Guidance for buying an auto part at a junkyard
September 5, 2006 11:14 AM   Subscribe

Should I get a car part at a junkyard/salvage yard/auto recycler, and how do I go about it?

I need a side mirror assembly for a 1998 Nissan Sentra. Should I get it at a junkyard? I already asked my mechanic if they had a specific junkyard they worked with, and they told me to call around from the yellow pages and ask everyone if they had the part. I live in Seattle, and from the yellow pages, it appears that most salvage yards are in the outlying industrial areas. Would it be worth it to drive over 30 minutes each way just to save $50-$100? Are junkyards scary? Should I bring a male friend with me if I go to one? Any other tips and techniques to make the transaction quick and painless and economical? I've already looked on Car Talk but their guide was not very helpful.
posted by matildaben to Shopping (18 answers total) 1 user marked this as a favorite
 
I don't know from Seattle, but the general answer is "Yes, it's worth it. No, they're not scary. Yes, you should just call around, making sure to get the best price."
posted by klangklangston at 11:15 AM on September 5, 2006


They aren't scary. There are people working there. They are fenced to keep theives out. They are a normal business like any other. Bring some tools with you to get the part you want off the car.
posted by dead_ at 1:44 PM on September 5, 2006


You can also find used auto parts online.
posted by Kirth Gerson at 1:45 PM on September 5, 2006


Yes call around to all of them and find out what the best price is and then ask the one who's closest to you to beat it. Make sure to specify the side of the car and the color. I've installed tons of mirrors myself from parking on the streets of Brooklyn most of my life and I've yet to by one from a dealer. Usually can pick one up for around $25.
posted by any major dude at 1:49 PM on September 5, 2006


It's a piece of cake - fun, even - except you might find yourself wandering acres of cars before you find the Nissan you need (usually they split them up import/domestic at least). Just check out the one you already have and familiarize yourself with how to get it off - probably a biggish phillips screwdriver will be what you need, and a flat one to prise off the trim to get at the anchor screws. I've spent a lot of time around such places and must have looked pretty out of place too, but junk yards aren't anything to be afraid of, and you'll save a lot of money.
posted by Flashman at 1:49 PM on September 5, 2006


http://car-part.com/

Same DB the junkyards use to look up a part when you call and they don't have it. Use it to locate your part, then call the appropriate yard.
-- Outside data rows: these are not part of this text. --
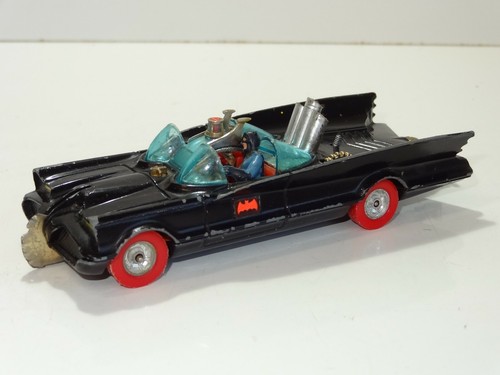 Corgi 267 batman - 267, red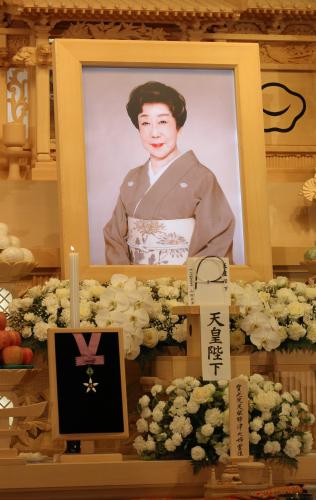 【画像・写真】市村正親　「おっかさん」山田五十鈴さんを悼む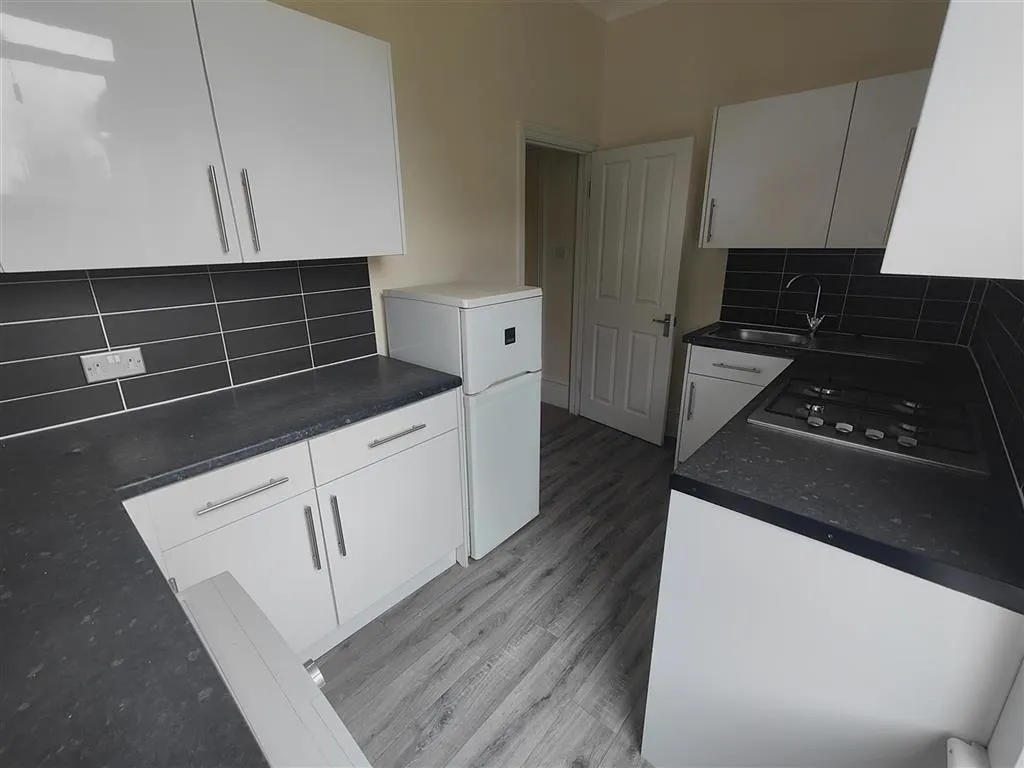Flat 3, 51, St. James Road, SUTTON, Surrey, SM1 2TG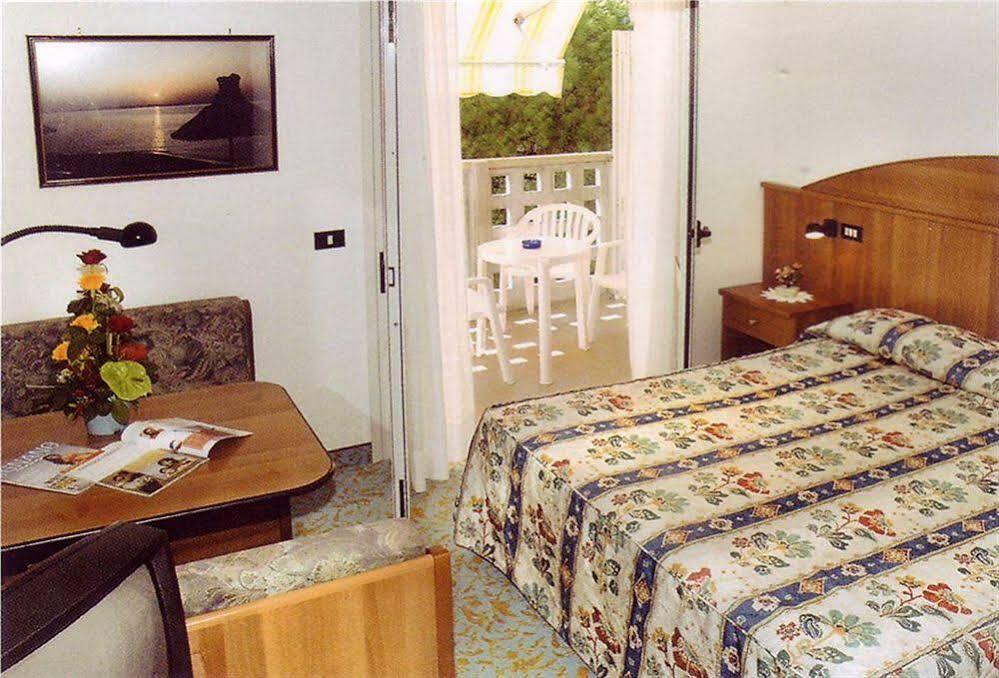 Hotel Abbazia Lignano Sabbiadoro Buitenkant foto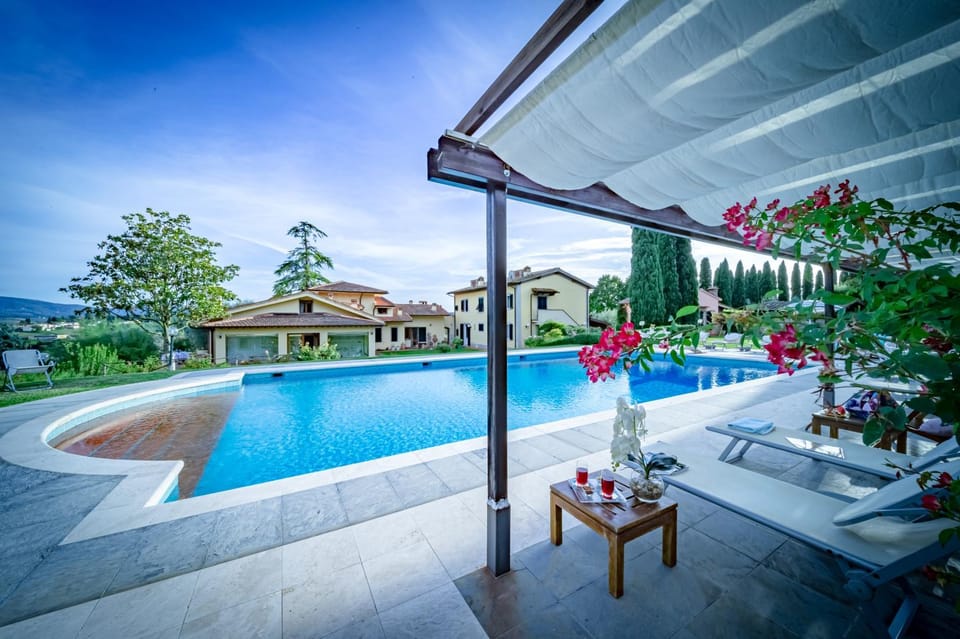 Pool view, Swimming pool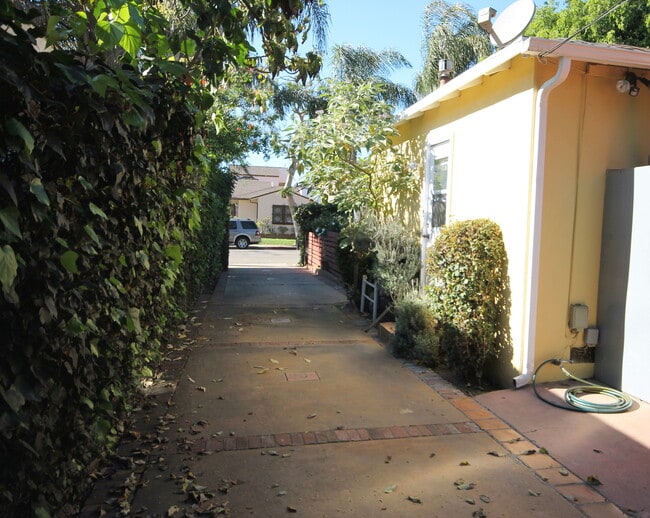 Beautiful Landscaping - 1448 S Cochran Ave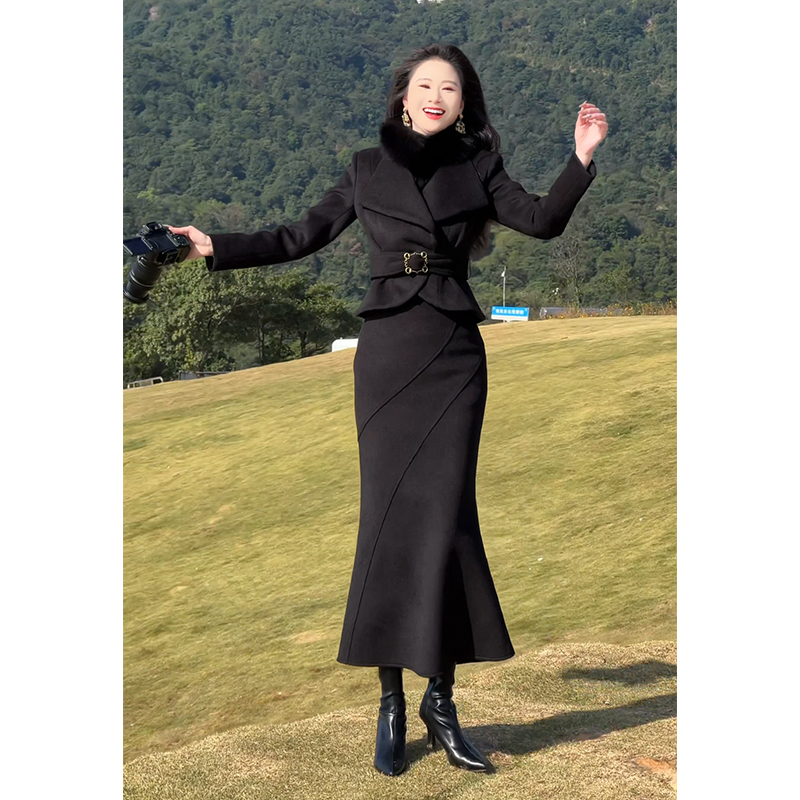 格润雅毛呢2025冬季气质套装裙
I've bought many parts for my Neon from yards at this site. I lived in AZ and have bought as far away as the NE states with no problems.
posted by jimmy0x52 at 1:58 PM on September 5, 2006


Yes it's worth it. Yes it's fun. No it's not scary. If you don't know anything at all about cars, bring someone who does.
posted by muddgirl at 2:04 PM on September 5, 2006


Yes, it's worth it. My mechanic recently got a whole central locking mechanism for my old Ford Escort from the parts yard he's dealt with for years.

For me, I'd be happy to look myself for something non-mechanical (such as a mirror) but am happy to leave it to my mechanic to source any parts that need his expert eye.
posted by essexjan at 2:14 PM on September 5, 2006


Not every junk yard is a "pull-a-part" where you go out into the yard and take off the part you need yourself. In fact, for safety and theft prevention reasons, more salvage yards these days do the work of taking off the parts themselves, and you get the parts across a counter, pretty much as if you were in a used parts store.
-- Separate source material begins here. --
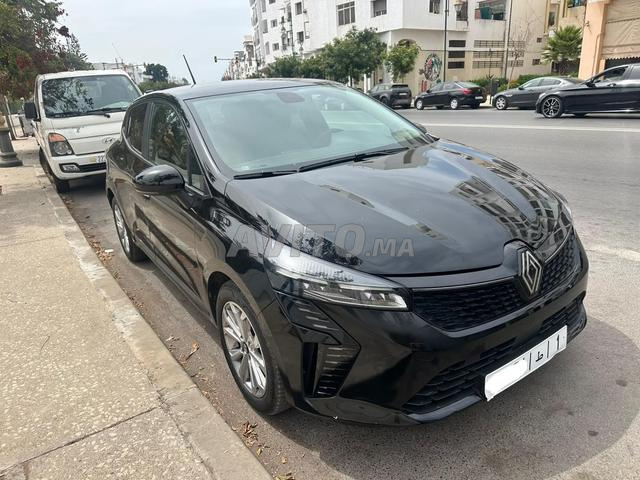 CLIO 5 à louer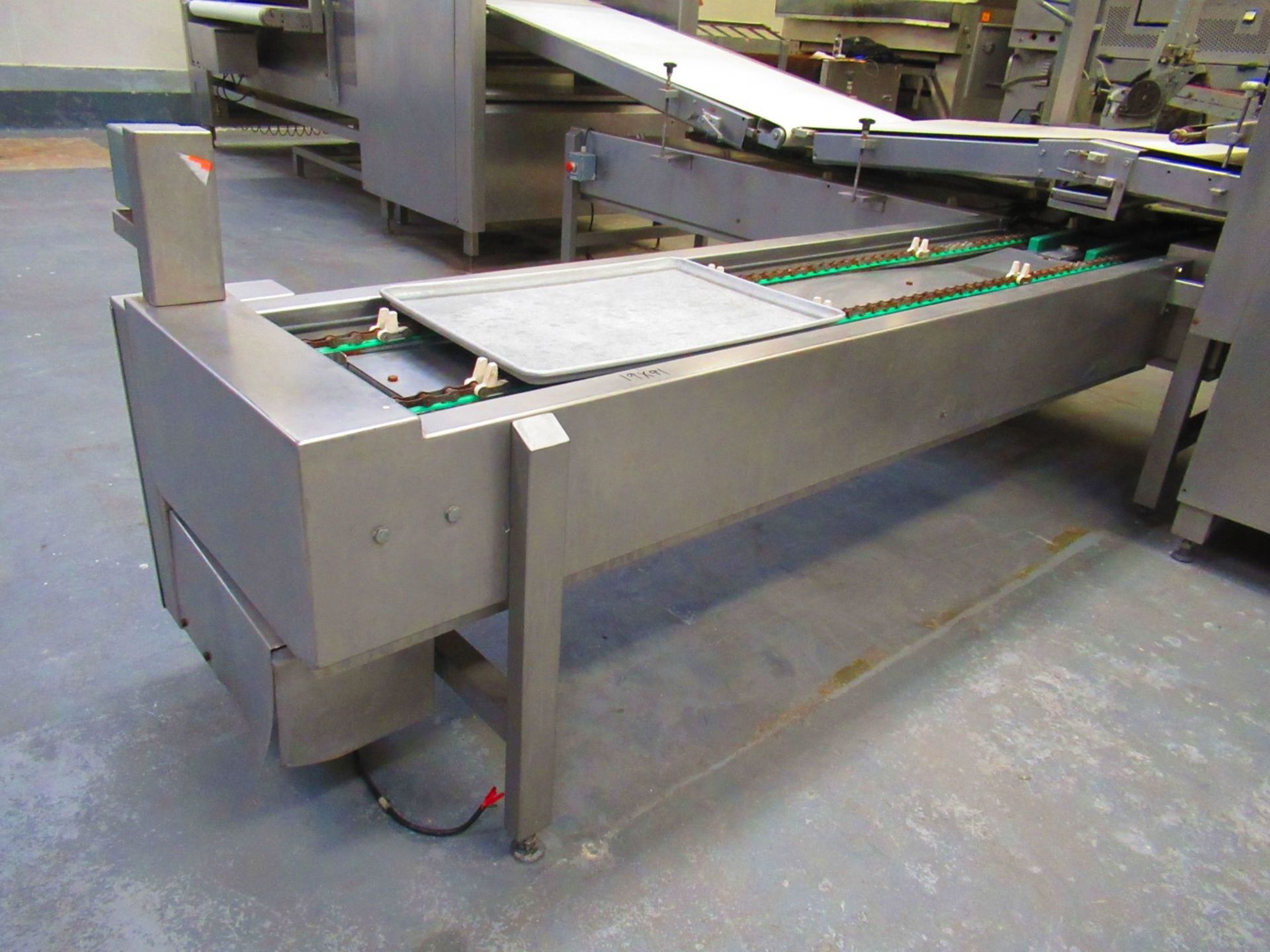 Tray Loading Conveyor - Image 3 of 6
Most yards work off a "bull wire," which is a throwback to the days where many yards in a region subscribed to a private phone network, where a call stayed nailed up constantly, and any requests for any part a customer needed at any yard on the network were just called out to all the yards, so that whatever yard had the part could pull it, and ship it to the yard where the customer was for next day pickup, sharing the sale proceeds between the cooperating yards. Nowadays, it's all done by Internet forum postings between the yards, but the process is intended to be so transparent to the customer, he never knows if the part is coming from the yard he is dealing with, or another yard in the network, except for the shipping delay. You might want to call around before heading out to any particular yard, to verify they have or can get the part, and get a price, but the "bull wire" system makes shopping for parts between major yards a pretty boring process.
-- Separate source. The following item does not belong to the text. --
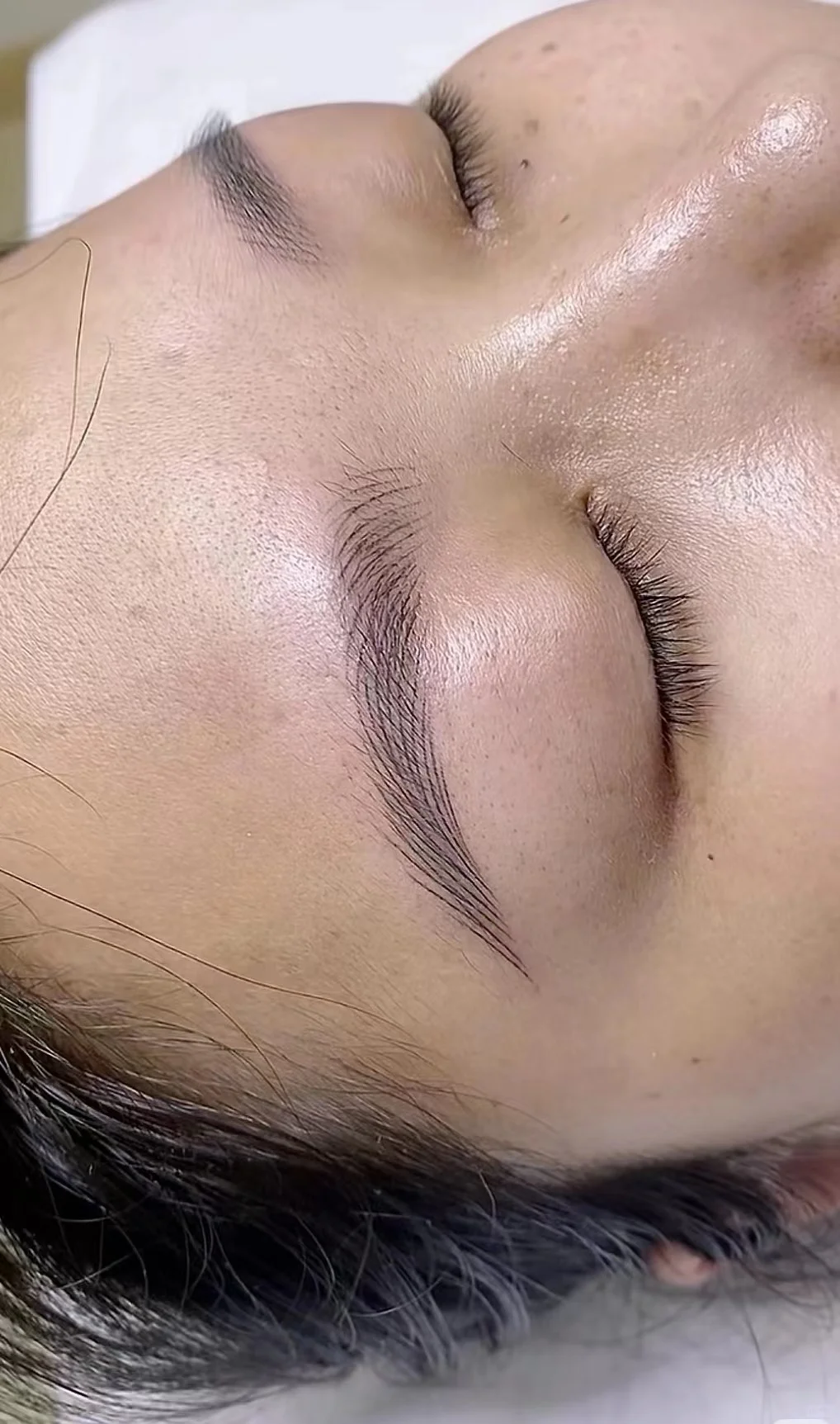 手工线条眉 线条越少越通透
I bought an air conditioner compressor for a 1997 Dodge Intrepid a few months back for $103 with a 30 day warranty, which would have been a $980 part, as a factory rebuild. "Surprisingly," it was between $100 and $110 at all 4 yards I called, before I picked it up at a counter operation (basically, a mobile trailer pickup point with a small tow yard for incoming wrecks and junkers) between a couple of car dealerships a few blocks from my house, in Jacksonville, FL. More and more, yards are delivering to these counter operations, to improve business by saving customers the drive to their major salvage operations, and to work with local tow operators and police on picking up junkers for economical transport to their main salvage yards.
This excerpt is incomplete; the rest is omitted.